> _Exercise objective_
Please repeat only the lines below starting at the line that holds "Hey what's up" and ending at the line that holds "So there's quite", exactly, with both of those lines included and every picture omitted.

Material for the task below:

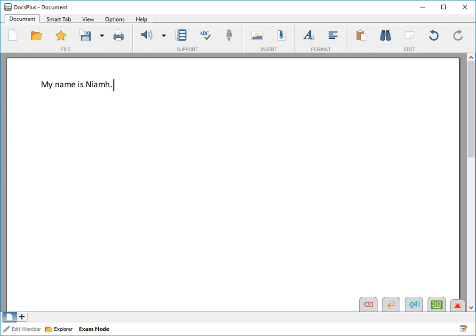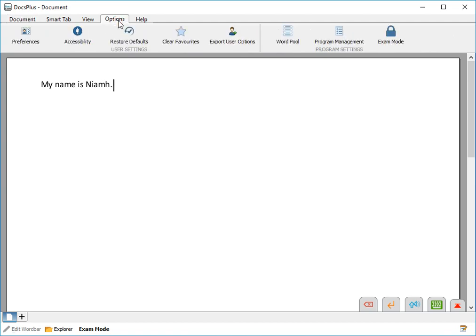To change the way DocsPlus pronounces Neve, for example, go to the Options ribbon tab and click WordPool.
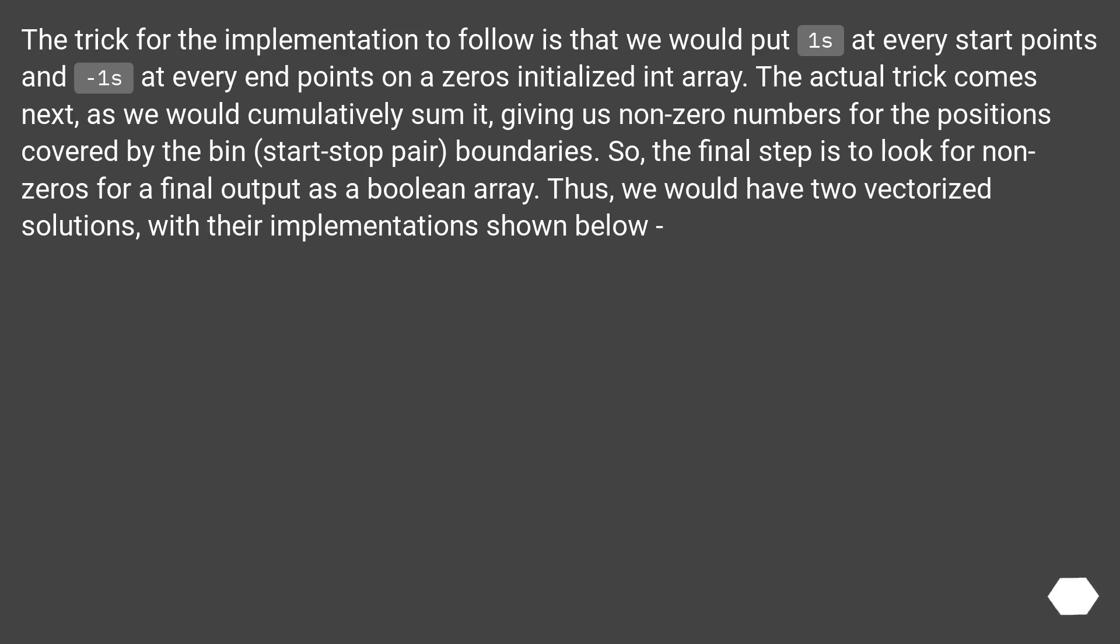Start-stop pair boundaries. So, the final step is to look for nonzero numbers for a final output as a boolean array.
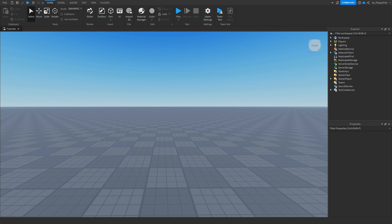Hey what's up guys, welcome back to a brand new Roblox Studio video. My name is Floppy and today I'm going to be showing you how to make a trampoline in Roblox Studio.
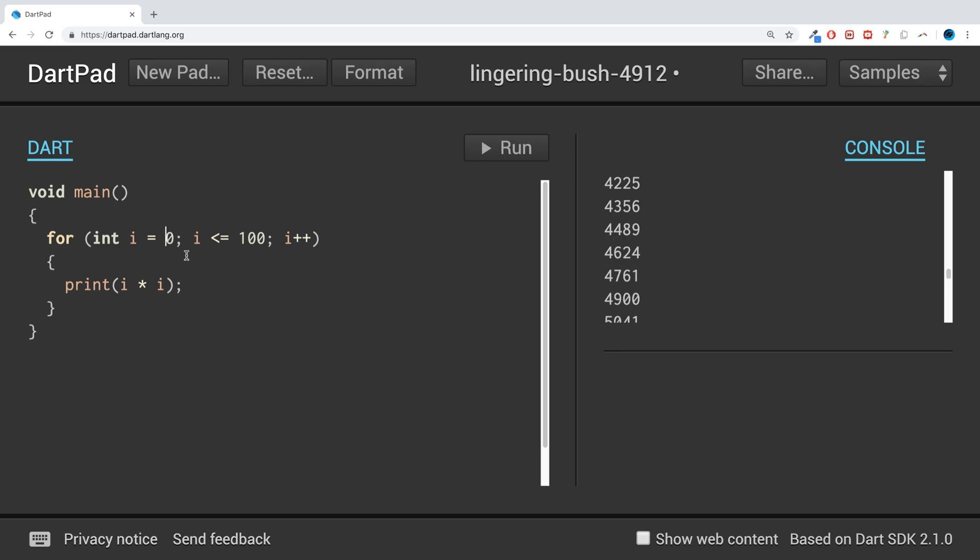So there's quite a lot you can do with loops. Later on when we get onto arrays, you can combine them with arrays and other data collections to essentially just loop over the data. This is the format of a for loop. If you have any questions, feel free to pop me a message, and as usual I look forward to seeing you in the next video.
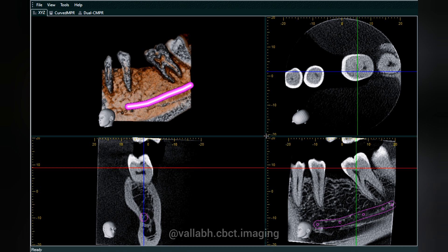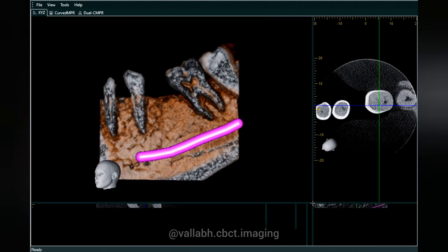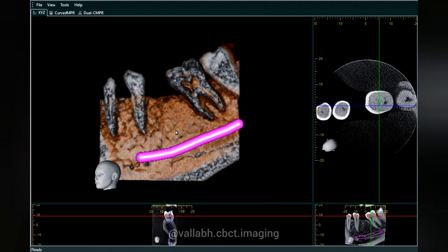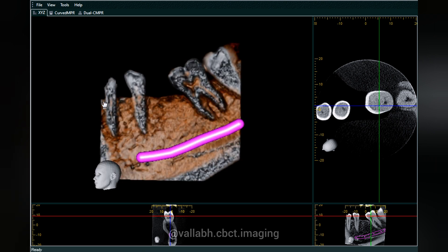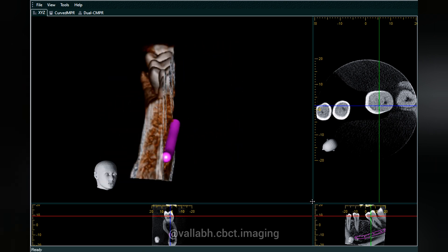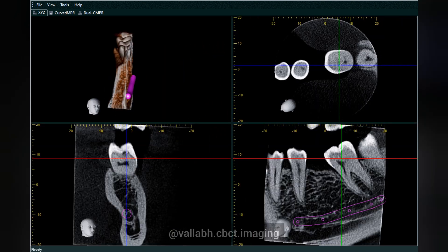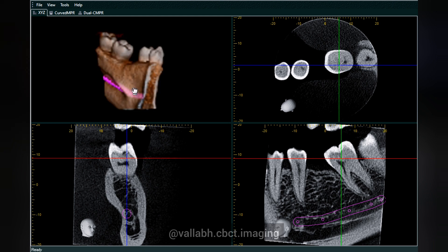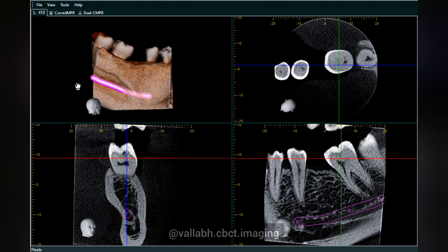The inferior alveolar nerve canal is one of the important anatomical landmarks, especially for implant planning cases. So this was basically about anatomical landmarks as seen in a 3D volume scan.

End of Material for the task.

> _Answer for this exercise_
Hey what's up guys, welcome back to a brand new Roblox Studio video. My name is Floppy and today I'm going to be showing you how to make a trampoline in Roblox Studio.
So there's quite a lot you can do with loops. Later on when we get onto arrays, you can combine them with arrays and other data collections to essentially just loop over the data. This is the format of a for loop. If you have any questions, feel free to pop me a message, and as usual I look forward to seeing you in the next video.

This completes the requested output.